In an email exchange I had earlier today with another blogger, he said something which struck a chord with me. He told me that those who pay people to write for them are not only purchasing immediate value, but are also purchasing value that will increase with time. In essence, you publish a new article today and it holds immediate, near term value. As that post falls deeper into the archive, people are still finding that page by means of search engines or social media traffic. Therefor, if you were paid $25.00 to write a list post for whatever niche that site was within, chances are good that the site owner will make that money back and then some. Makes perfect business sense doesn’t it?
What if you’re blogging for yourself though? No worries as nothing is different. However, since you are in full control over your blog and what gets published, it’s important to review each post you publish to ensure that the proper steps have been made so that it increases in value while it sits in the archive. Here are a couple things you can do to insure that happens.
Proper Keywords – Make sure that the post title and the post content have the proper keywords.

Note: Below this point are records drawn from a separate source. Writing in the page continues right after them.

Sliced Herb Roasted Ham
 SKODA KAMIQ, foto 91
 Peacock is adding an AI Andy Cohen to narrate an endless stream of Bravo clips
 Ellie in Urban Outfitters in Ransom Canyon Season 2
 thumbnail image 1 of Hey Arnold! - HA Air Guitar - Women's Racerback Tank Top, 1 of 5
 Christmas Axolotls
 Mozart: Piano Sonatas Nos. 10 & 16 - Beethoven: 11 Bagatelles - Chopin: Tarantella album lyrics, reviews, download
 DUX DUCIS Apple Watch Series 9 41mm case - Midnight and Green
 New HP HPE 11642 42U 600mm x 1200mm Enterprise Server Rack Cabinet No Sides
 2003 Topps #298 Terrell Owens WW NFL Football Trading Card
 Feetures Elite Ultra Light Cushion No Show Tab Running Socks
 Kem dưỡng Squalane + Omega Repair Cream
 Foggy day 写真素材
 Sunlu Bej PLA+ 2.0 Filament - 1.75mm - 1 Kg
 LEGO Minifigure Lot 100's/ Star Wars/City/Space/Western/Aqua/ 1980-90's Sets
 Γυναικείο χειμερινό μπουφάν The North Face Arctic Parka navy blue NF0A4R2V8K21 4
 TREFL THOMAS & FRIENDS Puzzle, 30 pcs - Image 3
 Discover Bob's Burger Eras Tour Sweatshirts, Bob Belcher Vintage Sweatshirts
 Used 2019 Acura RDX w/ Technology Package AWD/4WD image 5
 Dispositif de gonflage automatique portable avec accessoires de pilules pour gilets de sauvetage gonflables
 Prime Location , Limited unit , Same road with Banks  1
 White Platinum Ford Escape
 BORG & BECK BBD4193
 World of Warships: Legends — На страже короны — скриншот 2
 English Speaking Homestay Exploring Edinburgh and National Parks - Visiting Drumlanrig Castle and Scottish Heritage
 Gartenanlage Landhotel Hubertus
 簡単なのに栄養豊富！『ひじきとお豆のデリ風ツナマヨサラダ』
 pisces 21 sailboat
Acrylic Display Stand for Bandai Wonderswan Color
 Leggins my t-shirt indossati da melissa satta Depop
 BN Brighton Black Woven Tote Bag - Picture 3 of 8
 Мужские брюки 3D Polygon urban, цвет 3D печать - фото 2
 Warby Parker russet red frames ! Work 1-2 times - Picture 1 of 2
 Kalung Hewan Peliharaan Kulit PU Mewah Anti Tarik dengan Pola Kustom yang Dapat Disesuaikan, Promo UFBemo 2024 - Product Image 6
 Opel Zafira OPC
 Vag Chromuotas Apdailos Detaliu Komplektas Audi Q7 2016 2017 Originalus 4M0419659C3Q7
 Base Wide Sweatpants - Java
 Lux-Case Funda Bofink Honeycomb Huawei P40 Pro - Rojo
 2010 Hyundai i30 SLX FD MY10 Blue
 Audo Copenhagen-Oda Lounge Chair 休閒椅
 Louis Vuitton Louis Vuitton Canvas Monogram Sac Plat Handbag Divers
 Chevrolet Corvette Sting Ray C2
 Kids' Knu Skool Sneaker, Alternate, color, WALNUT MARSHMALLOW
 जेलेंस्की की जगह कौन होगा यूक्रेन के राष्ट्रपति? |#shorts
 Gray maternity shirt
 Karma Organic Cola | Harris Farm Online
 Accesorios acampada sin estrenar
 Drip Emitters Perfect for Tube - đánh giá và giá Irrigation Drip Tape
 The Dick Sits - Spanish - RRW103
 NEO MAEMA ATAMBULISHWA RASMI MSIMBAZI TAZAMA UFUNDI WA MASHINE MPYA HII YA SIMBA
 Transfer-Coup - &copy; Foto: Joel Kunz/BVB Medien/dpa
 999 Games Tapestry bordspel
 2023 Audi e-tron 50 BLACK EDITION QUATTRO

For example, if I were writing about a free icon pack that was released, I would put the name of the pack in the title as well as in the tags. I see people arriving at my site all the time because of one or two keywords that were in my post title.
Link Worthy – If possible, make your post as link worthy as possible. Give people a reason to link to it. The more links the better and the higher the article will show up on the SERPS.
Forget Digg Get Stumbled – If you make the front page of Digg, good. However, you can only make the front page of Digg once. With Stumbleupon, getting a rush of traffic is as easy as asking someone to submit the article to the service. After that, a few stumblers will come passing by and there is no telling when the next wave of stumblers will pass through.
Here are a few links to some past articles on Performancing which should help you in building value immediately and in the future.
3 Ways to Engineer Good Content
How to turn link posts into linkbait
10 Traits Of Blog Readers
7 Quick Observations About Linkage
The Only SEO Graph That Matters
4 thoughts on “Three Tips For Increasing Value Over Time”
I don’t disagree, but..
The page on my site with the most yearly traffic (about 60,000 uniques yearly) is 5 years old. The second biggest is 7 years old and still draws just under 60K uniques per year.
But the two of them together only bring about $150.00 a year in revenue. Most posts don’t keep drawing big traffic year after year so don’t make much money overall. So, yes, I might pay $25.00 or even more for a post, but I’m going to need to believe it has staying power.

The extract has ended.